> _Exercise prompt_:
Copy out the data in full and exactly, passing over the pictures.
#### Data to process ####
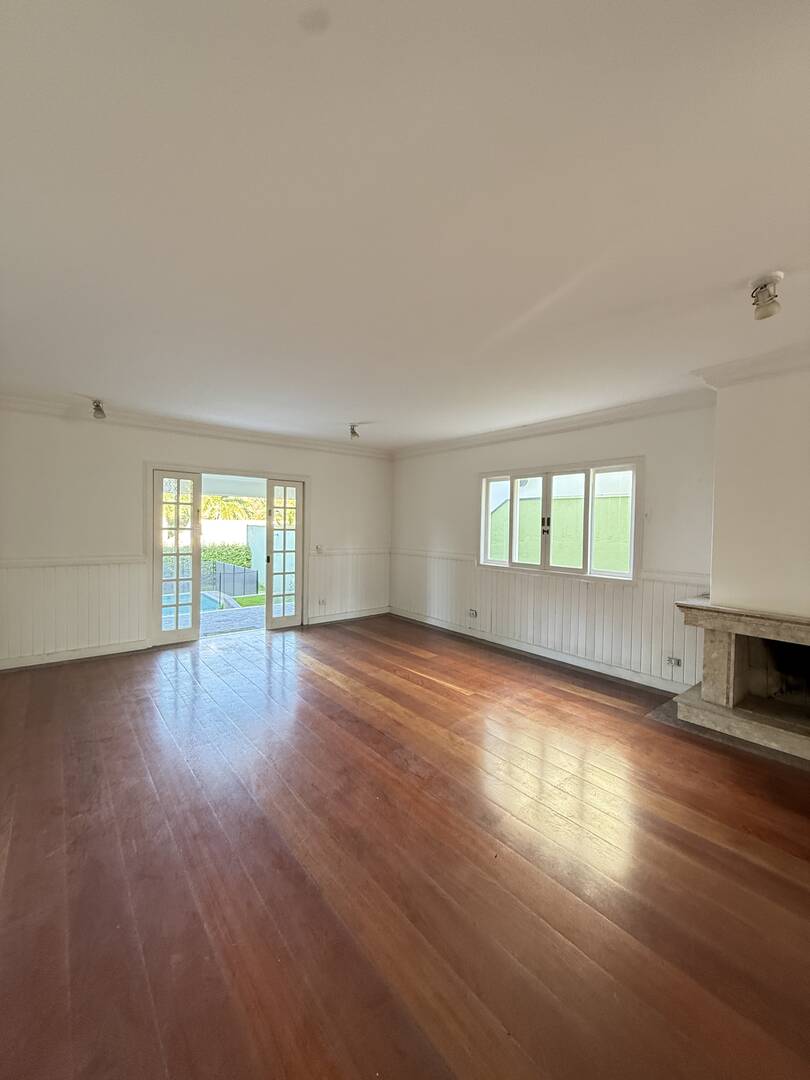 Casa, 1 suíte, 266m², em Alphaville — foto 10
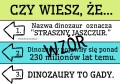 CZY WIESZ, ŻE.. (1).jpg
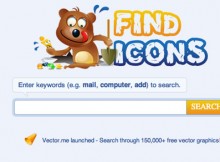 find icon tempat download ikon gratis terbaik desain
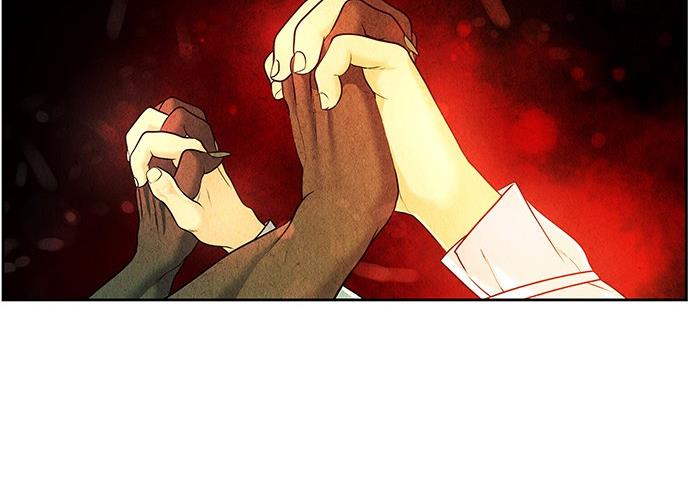 Cửa hàng đồ cổ tương lai chapter 29 - Trang 102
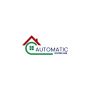 Automatic Doors in Dubai - Repair & Installations | Automati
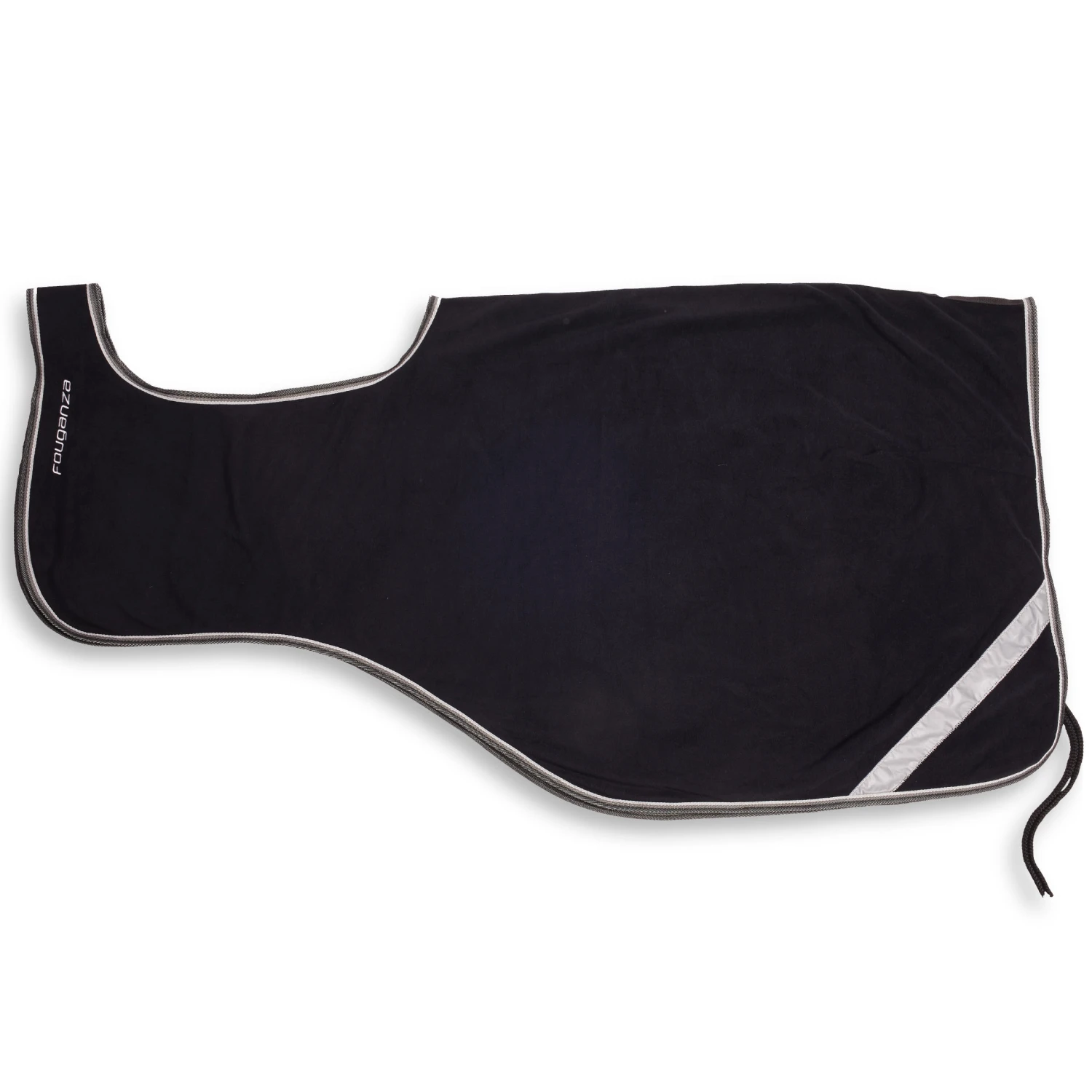 Horse Riding Exercise Sheet Polar 500 1 Horse Riding Exercise Sheet Polar 500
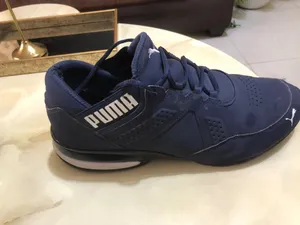 احذيه ماركات اصلي للبيع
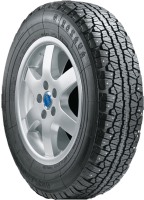 Photos - Tyre Rosava BC-6 205/70 R14 95T 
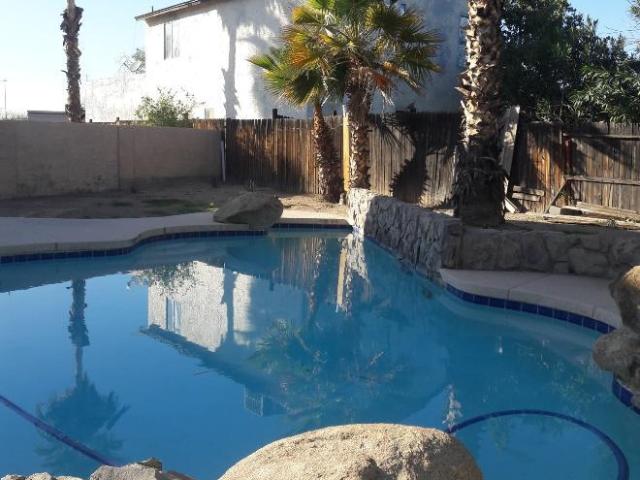 3 bedroom, Phoenix AZ 85024 104952294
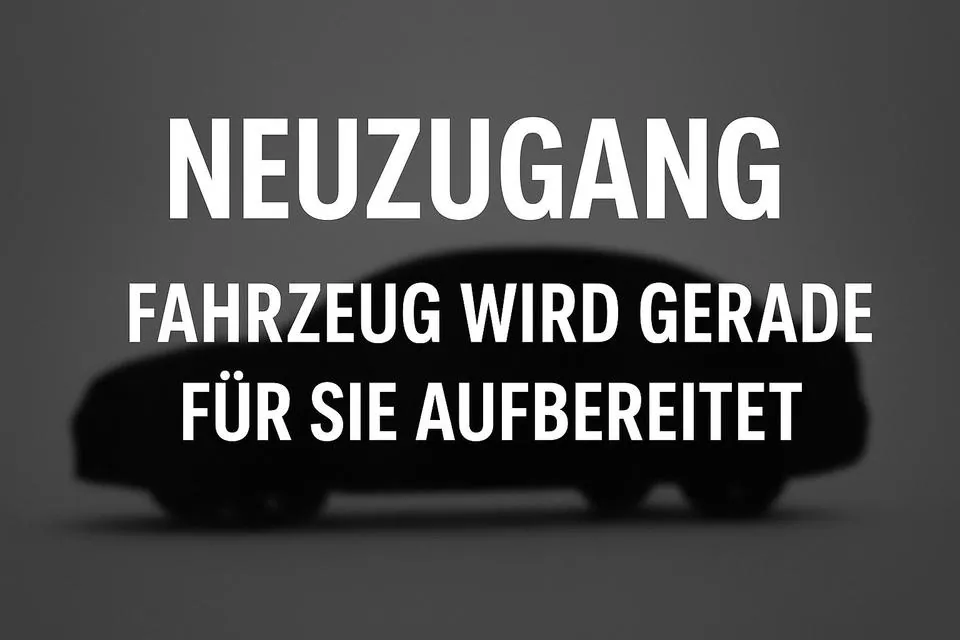 Volkswagen Golf Iv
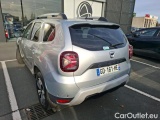  Dacia  Duster 1.5 BLUE DCI 115 PRESTIGE #23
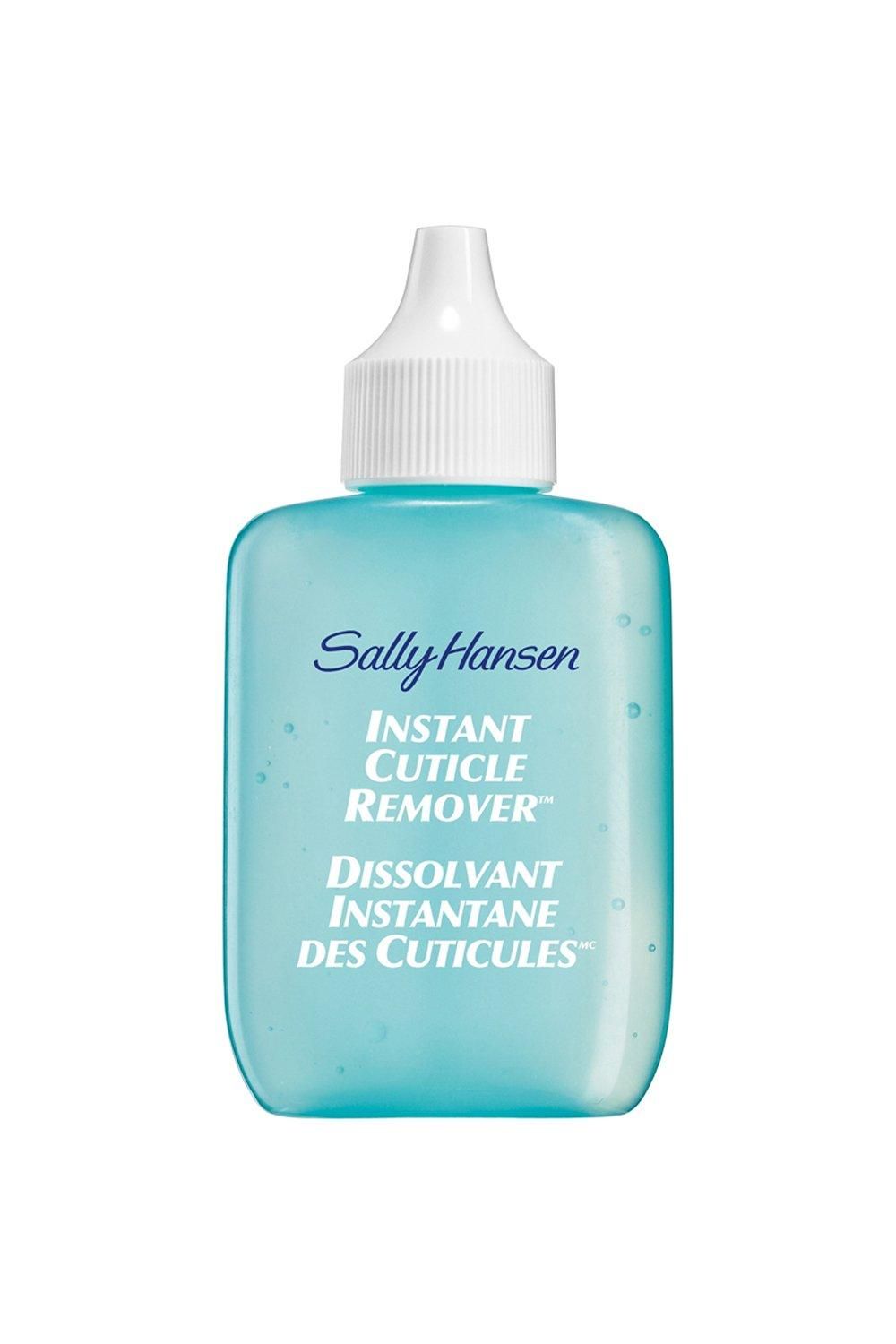 Sally Hansen Treatment Cuticle Remover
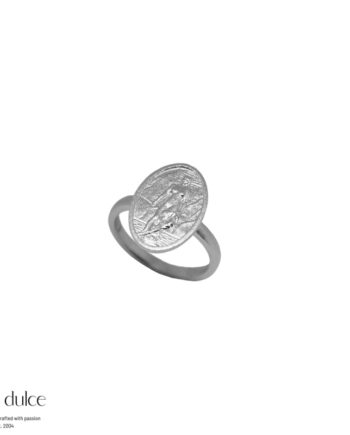 Ring   Faroe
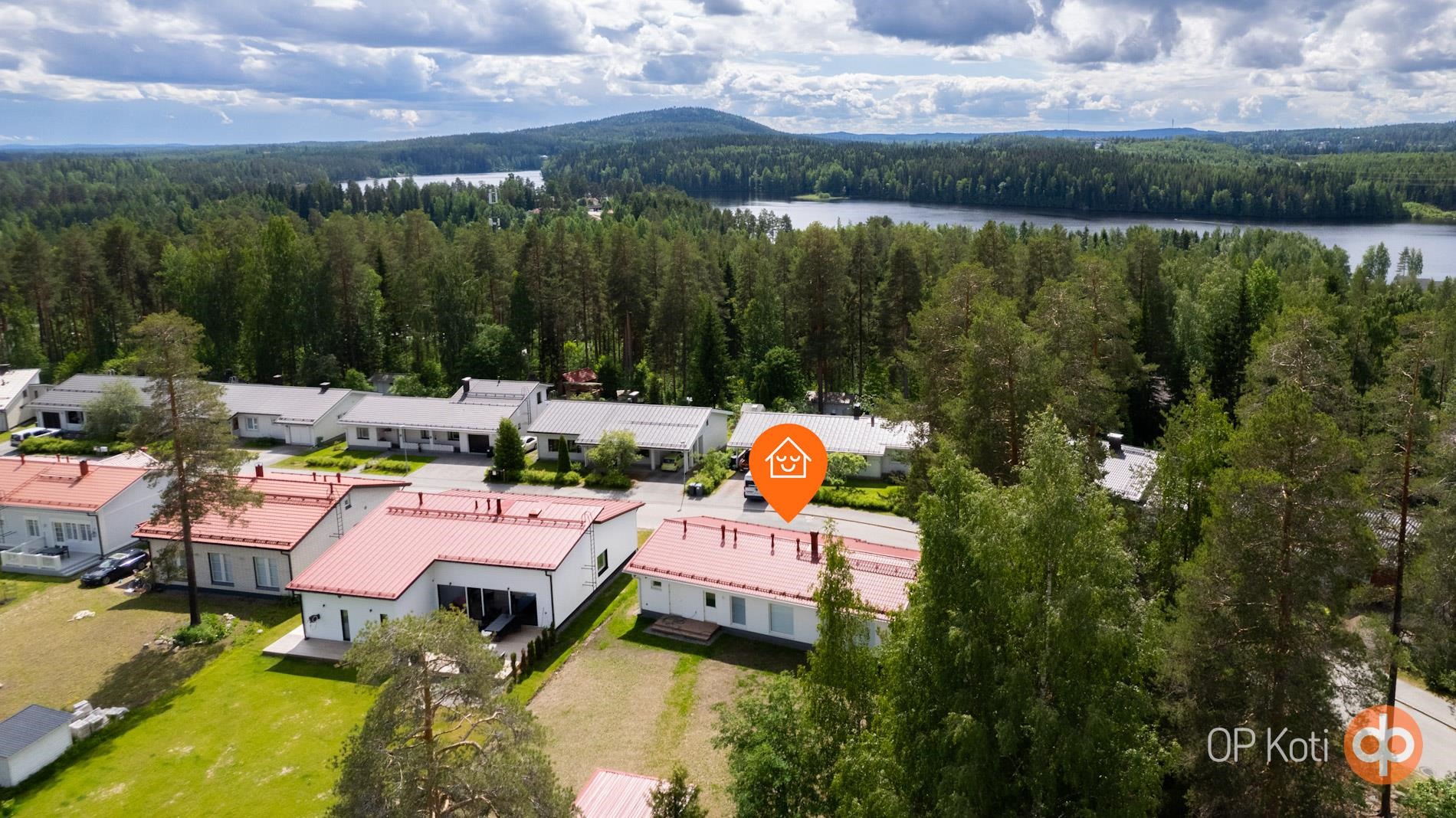 Kohdekuva 34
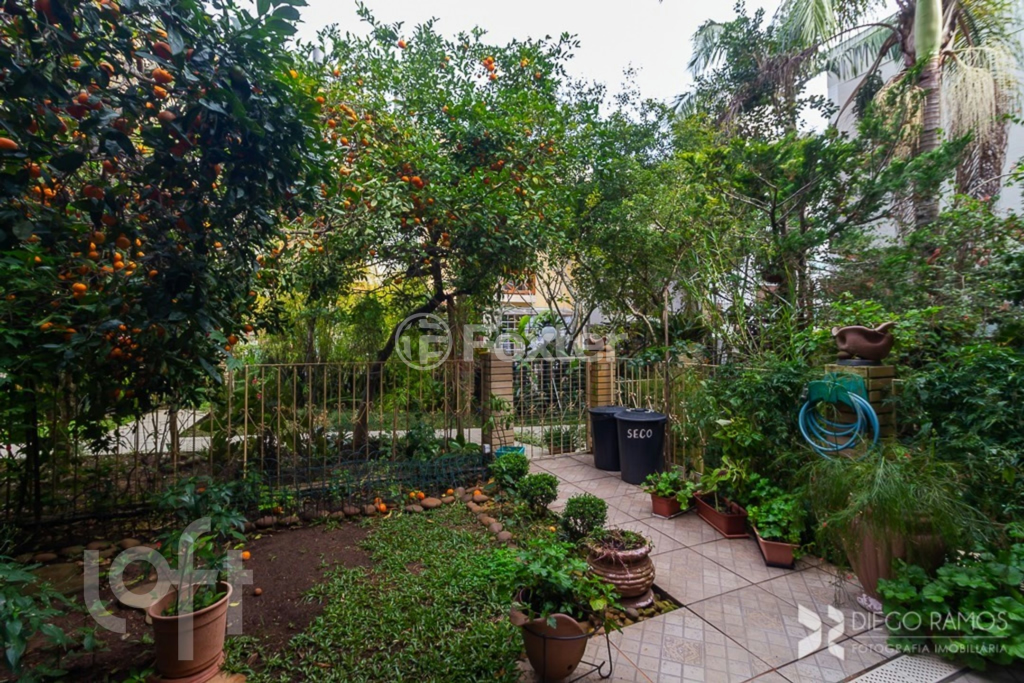 Casa de Condomínio à venda com 4 quartos, 181m² - Foto 35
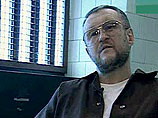  2009          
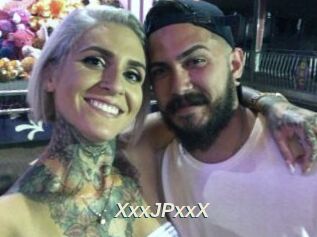 XxxJPxxX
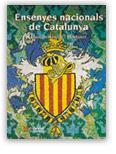 ENSENYES NACIONALS DE CATALUNYA | 9788439335757 | DOMENECH I MONTANER, LLUIS | Galatea Llibres | Llibreria online de Reus, Tarragona | Comprar llibres en català i castellà online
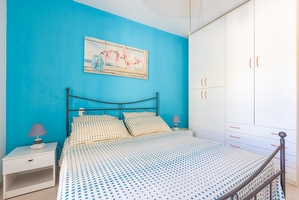 Casa ben arredata mare e centro a piedi. Santa Maria di Leuca - Foto 18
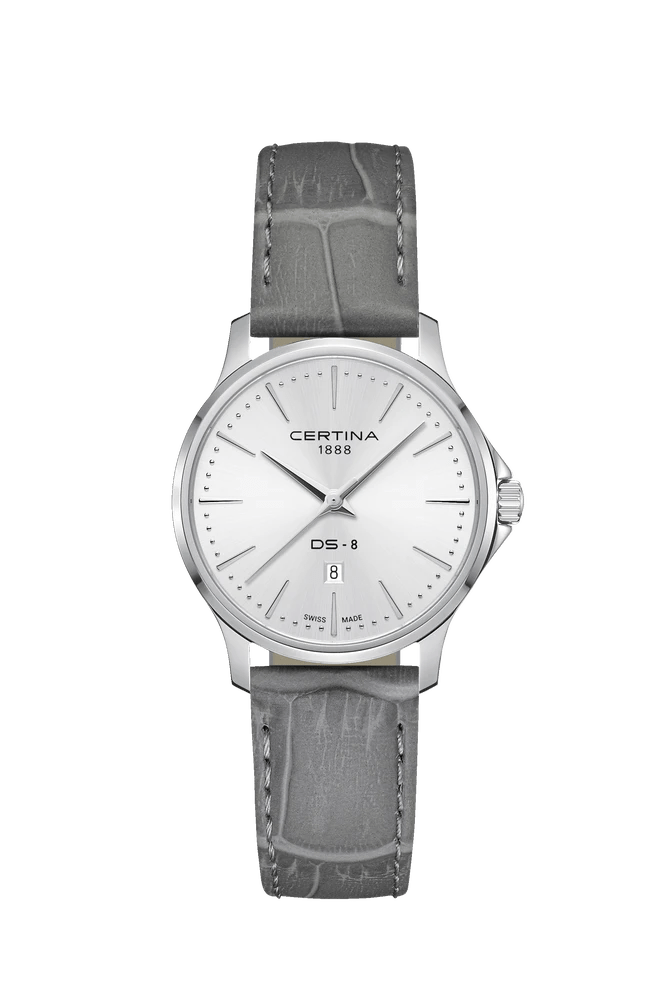 DS - 8 Lady 31mm C045.010.16.031.00 - Bjerveur.noDS - 8 Lady 31mm C045.010.16.031.00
####
> _Response to this task_:
 Casa, 1 suíte, 266m², em Alphaville — foto 10
 CZY WIESZ, ŻE.. (1).jpg
 find icon tempat download ikon gratis terbaik desain
 Cửa hàng đồ cổ tương lai chapter 29 - Trang 102
 Automatic Doors in Dubai - Repair & Installations | Automati
 Horse Riding Exercise Sheet Polar 500 1 Horse Riding Exercise Sheet Polar 500
 احذيه ماركات اصلي للبيع
 Photos - Tyre Rosava BC-6 205/70 R14 95T 
 3 bedroom, Phoenix AZ 85024 104952294
 Volkswagen Golf Iv
  Dacia  Duster 1.5 BLUE DCI 115 PRESTIGE #23
 Sally Hansen Treatment Cuticle Remover
 Ring   Faroe
 Kohdekuva 34
 Casa de Condomínio à venda com 4 quartos, 181m² - Foto 35
  2009          
 XxxJPxxX
 ENSENYES NACIONALS DE CATALUNYA | 9788439335757 | DOMENECH I MONTANER, LLUIS | Galatea Llibres | Llibreria online de Reus, Tarragona | Comprar llibres en català i castellà online
 Casa ben arredata mare e centro a piedi. Santa Maria di Leuca - Foto 18
 DS - 8 Lady 31mm C045.010.16.031.00 - Bjerveur.noDS - 8 Lady 31mm C045.010.16.031.00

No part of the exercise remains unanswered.